Not bad for a company born in a rental house shared by two entrepreneurs with more chutzpah than cash.

Fletter, 48, is co-owner of Power Plastics Corp., a company in Portland, Ore., that fabricates gears, bearings, sprockets, chain guides and other industrial components. As its name implies, it makes the parts out of industrial, high-strength plastic, polymer and composite materials. Think: nylon, Teflon, Kevlar, and ultra-high molecular weight (UHMW) polyethylene, the same material used for artificial knees and hips.

Not only are the materials stronger than many metals, they also offer far less resistance. Explaining that plastic is essentially compressed oil, Fletter said, "What we're doing is using plastic to replace steel in moving parts. The plastics that we work with will wear eight times longer than steel."

Fletter and his then-roommate, John Yannello, started the company in the closet of their rented house in Portland in 1992. They saw an opening when the plastic manufacturing company where Fletter worked as a salesman was purchased and moved to Indiana. Using credit cards and Fletter's contacts, the pair bought specialized materials and hired machine shops to fabricate parts until their business grew large enough to support its own equipment and shop.

Today, Power Plastics employs 12 workers and grosses $3 million annually in sales, said Fletter, who now lives in West Linn with his wife, Denise, and their three children.

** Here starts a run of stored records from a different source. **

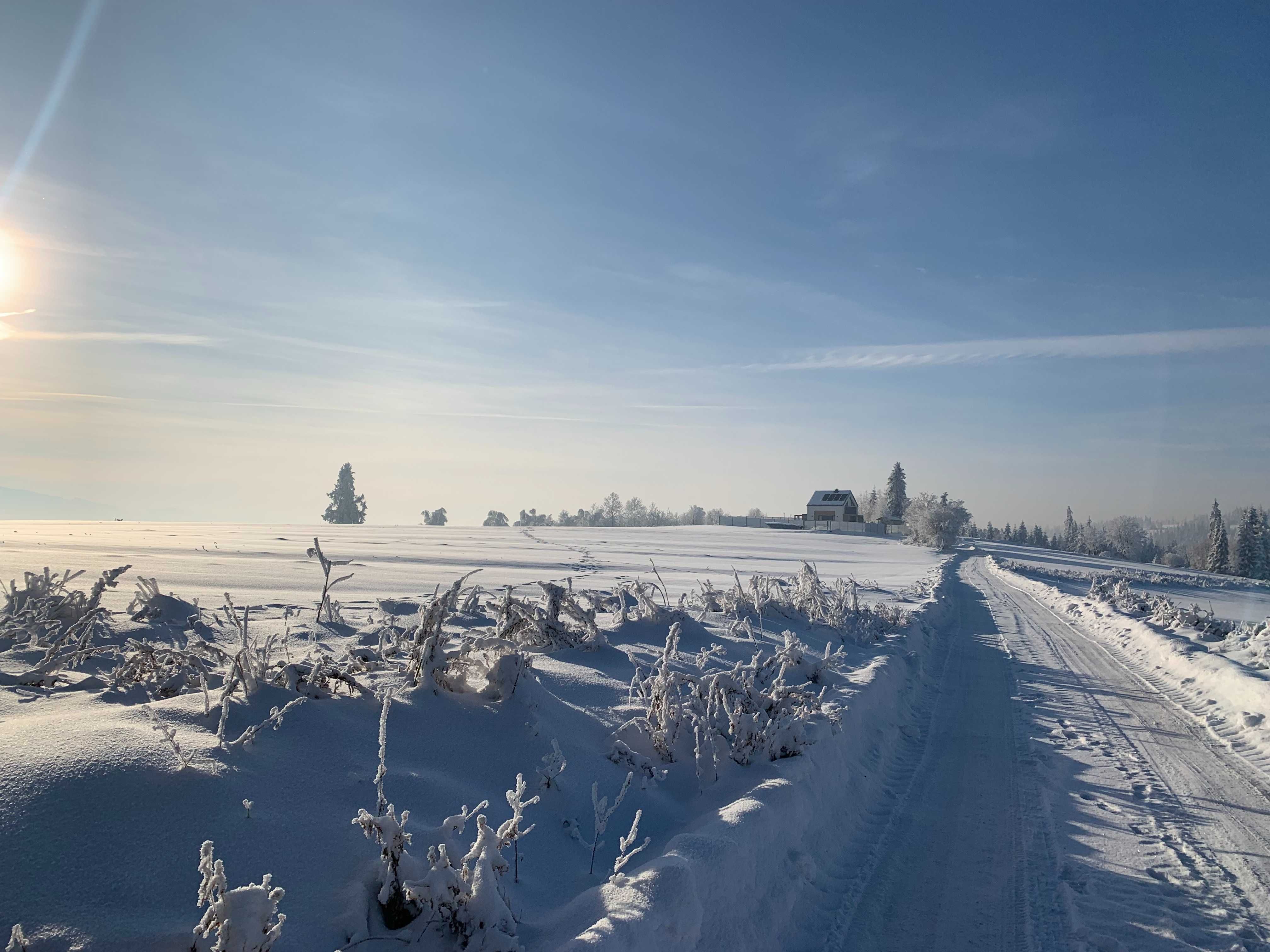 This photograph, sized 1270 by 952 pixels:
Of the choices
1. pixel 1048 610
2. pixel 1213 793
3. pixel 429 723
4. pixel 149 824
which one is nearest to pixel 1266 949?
pixel 1213 793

Fletter credits Pierce College with providing the educational foundation he needed to go into business. At Lakes High School he was part of the state championship swimming and diving team, but earned average grades, a feat made challenging by his dyslexia. After serving two years in the Army, Fletter entered Pierce in 1986, planning to raise his grades to get into Central Washington University and dive competitively.

At Pierce, he said, "If I took a class and failed, I took it over from the same teacher, and the second time, I really got it. The classes were small enough where I could interact with the teacher and they could really teach me how to do it.

"None of that went on at Central," said Fletter, who eventually transferred there, dived in national competitions and earned a bachelor's degree. "Without Pierce College, I'm sure I would not have been able to do a four-year degree."

Power Plastics has grown into a state-of-the-art fabrication company that incorporates robotics and computerized machinery. Its products span a variety of applications, from the wheels in roller coasters to the miles of earthquake abatement coils enmeshed in concrete pillars supporting the newest Tacoma Narrows Bridge.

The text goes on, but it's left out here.